▶ _Task item_
Write out all of the records, keeping each one exactly as written.

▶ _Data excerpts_
-- Opening Marker --
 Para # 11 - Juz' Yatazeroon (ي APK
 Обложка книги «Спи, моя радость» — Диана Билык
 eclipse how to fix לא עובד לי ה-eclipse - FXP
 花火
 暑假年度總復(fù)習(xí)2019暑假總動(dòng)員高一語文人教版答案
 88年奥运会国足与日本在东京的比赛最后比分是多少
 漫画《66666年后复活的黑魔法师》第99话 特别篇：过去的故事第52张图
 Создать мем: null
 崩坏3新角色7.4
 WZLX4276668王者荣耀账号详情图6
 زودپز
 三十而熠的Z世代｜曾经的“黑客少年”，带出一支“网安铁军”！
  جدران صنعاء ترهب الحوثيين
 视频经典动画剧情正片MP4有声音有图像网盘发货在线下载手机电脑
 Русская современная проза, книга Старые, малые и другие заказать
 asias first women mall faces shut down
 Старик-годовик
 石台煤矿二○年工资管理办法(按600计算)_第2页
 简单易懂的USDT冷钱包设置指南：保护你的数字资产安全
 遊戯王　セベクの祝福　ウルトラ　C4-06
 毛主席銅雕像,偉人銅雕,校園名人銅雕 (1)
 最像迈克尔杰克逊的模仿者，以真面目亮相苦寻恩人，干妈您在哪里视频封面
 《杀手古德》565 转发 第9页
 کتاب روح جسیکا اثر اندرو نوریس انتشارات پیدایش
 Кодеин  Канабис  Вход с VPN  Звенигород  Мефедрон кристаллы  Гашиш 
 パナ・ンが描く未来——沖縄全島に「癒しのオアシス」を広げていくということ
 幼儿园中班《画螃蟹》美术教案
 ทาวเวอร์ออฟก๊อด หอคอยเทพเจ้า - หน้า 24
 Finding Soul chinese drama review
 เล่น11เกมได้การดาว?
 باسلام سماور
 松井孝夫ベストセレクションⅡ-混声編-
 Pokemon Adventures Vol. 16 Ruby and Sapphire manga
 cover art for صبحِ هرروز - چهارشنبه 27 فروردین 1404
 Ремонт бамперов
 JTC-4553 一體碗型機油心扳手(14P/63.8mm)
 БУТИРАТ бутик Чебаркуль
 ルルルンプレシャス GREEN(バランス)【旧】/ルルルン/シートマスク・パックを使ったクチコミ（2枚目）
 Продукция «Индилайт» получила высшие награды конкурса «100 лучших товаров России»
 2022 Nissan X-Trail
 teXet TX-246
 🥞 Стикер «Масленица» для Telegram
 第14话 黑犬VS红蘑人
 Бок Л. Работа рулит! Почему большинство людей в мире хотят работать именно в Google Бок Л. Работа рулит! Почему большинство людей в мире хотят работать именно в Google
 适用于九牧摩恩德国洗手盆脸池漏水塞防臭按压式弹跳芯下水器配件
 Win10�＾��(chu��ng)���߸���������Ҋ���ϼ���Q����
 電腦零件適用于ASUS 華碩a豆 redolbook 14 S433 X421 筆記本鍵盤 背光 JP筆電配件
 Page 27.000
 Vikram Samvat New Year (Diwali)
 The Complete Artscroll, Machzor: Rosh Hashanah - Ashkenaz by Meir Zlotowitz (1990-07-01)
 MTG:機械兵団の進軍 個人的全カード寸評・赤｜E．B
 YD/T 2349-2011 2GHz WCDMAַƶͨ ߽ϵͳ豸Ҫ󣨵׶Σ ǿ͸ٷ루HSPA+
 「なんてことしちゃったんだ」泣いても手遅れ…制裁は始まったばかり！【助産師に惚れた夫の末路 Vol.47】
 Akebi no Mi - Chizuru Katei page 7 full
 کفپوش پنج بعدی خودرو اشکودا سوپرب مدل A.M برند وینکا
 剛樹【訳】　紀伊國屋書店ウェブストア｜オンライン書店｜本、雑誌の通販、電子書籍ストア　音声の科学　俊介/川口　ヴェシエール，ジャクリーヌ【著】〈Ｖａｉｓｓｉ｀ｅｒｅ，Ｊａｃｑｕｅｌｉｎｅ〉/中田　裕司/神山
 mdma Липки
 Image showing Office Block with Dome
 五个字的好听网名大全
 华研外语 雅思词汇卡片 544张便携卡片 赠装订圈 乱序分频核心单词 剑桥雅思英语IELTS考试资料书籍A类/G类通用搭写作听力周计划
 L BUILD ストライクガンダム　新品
-- Closing Marker --
▶ _Answer box_
 Para # 11 - Juz' Yatazeroon (ي APK
 Обложка книги «Спи, моя радость» — Диана Билык
 eclipse how to fix לא עובד לי ה-eclipse - FXP
 花火
 暑假年度總復(fù)習(xí)2019暑假總動(dòng)員高一語文人教版答案
 88年奥运会国足与日本在东京的比赛最后比分是多少
 漫画《66666年后复活的黑魔法师》第99话 特别篇：过去的故事第52张图
 Создать мем: null
 崩坏3新角色7.4
 WZLX4276668王者荣耀账号详情图6
 زودپز
 三十而熠的Z世代｜曾经的“黑客少年”，带出一支“网安铁军”！
  جدران صنعاء ترهب الحوثيين
 视频经典动画剧情正片MP4有声音有图像网盘发货在线下载手机电脑
 Русская современная проза, книга Старые, малые и другие заказать
 asias first women mall faces shut down
 Старик-годовик
 石台煤矿二○年工资管理办法(按600计算)_第2页
 简单易懂的USDT冷钱包设置指南：保护你的数字资产安全
 遊戯王　セベクの祝福　ウルトラ　C4-06
 毛主席銅雕像,偉人銅雕,校園名人銅雕 (1)
 最像迈克尔杰克逊的模仿者，以真面目亮相苦寻恩人，干妈您在哪里视频封面
 《杀手古德》565 转发 第9页
 کتاب روح جسیکا اثر اندرو نوریس انتشارات پیدایش
 Кодеин  Канабис  Вход с VPN  Звенигород  Мефедрон кристаллы  Гашиш 
 パナ・ンが描く未来——沖縄全島に「癒しのオアシス」を広げていくということ
 幼儿园中班《画螃蟹》美术教案
 ทาวเวอร์ออฟก๊อด หอคอยเทพเจ้า - หน้า 24
 Finding Soul chinese drama review
 เล่น11เกมได้การดาว?
 باسلام سماور
 松井孝夫ベストセレクションⅡ-混声編-
 Pokemon Adventures Vol. 16 Ruby and Sapphire manga
 cover art for صبحِ هرروز - چهارشنبه 27 فروردین 1404
 Ремонт бамперов
 JTC-4553 一體碗型機油心扳手(14P/63.8mm)
 БУТИРАТ бутик Чебаркуль
 ルルルンプレシャス GREEN(バランス)【旧】/ルルルン/シートマスク・パックを使ったクチコミ（2枚目）
 Продукция «Индилайт» получила высшие награды конкурса «100 лучших товаров России»
 2022 Nissan X-Trail
 teXet TX-246
 🥞 Стикер «Масленица» для Telegram
 第14话 黑犬VS红蘑人
 Бок Л. Работа рулит! Почему большинство людей в мире хотят работать именно в Google Бок Л. Работа рулит! Почему большинство людей в мире хотят работать именно в Google
 适用于九牧摩恩德国洗手盆脸池漏水塞防臭按压式弹跳芯下水器配件
 Win10�＾��(chu��ng)���߸���������Ҋ���ϼ���Q����
 電腦零件適用于ASUS 華碩a豆 redolbook 14 S433 X421 筆記本鍵盤 背光 JP筆電配件
 Page 27.000
 Vikram Samvat New Year (Diwali)
 The Complete Artscroll, Machzor: Rosh Hashanah - Ashkenaz by Meir Zlotowitz (1990-07-01)
 MTG:機械兵団の進軍 個人的全カード寸評・赤｜E．B
 YD/T 2349-2011 2GHz WCDMAַƶͨ ߽ϵͳ豸Ҫ󣨵׶Σ ǿ͸ٷ루HSPA+
 「なんてことしちゃったんだ」泣いても手遅れ…制裁は始まったばかり！【助産師に惚れた夫の末路 Vol.47】
 Akebi no Mi - Chizuru Katei page 7 full
 کفپوش پنج بعدی خودرو اشکودا سوپرب مدل A.M برند وینکا
 剛樹【訳】　紀伊國屋書店ウェブストア｜オンライン書店｜本、雑誌の通販、電子書籍ストア　音声の科学　俊介/川口　ヴェシエール，ジャクリーヌ【著】〈Ｖａｉｓｓｉ｀ｅｒｅ，Ｊａｃｑｕｅｌｉｎｅ〉/中田　裕司/神山
 mdma Липки
 Image showing Office Block with Dome
 五个字的好听网名大全
 华研外语 雅思词汇卡片 544张便携卡片 赠装订圈 乱序分频核心单词 剑桥雅思英语IELTS考试资料书籍A类/G类通用搭写作听力周计划
 L BUILD ストライクガンダム　新品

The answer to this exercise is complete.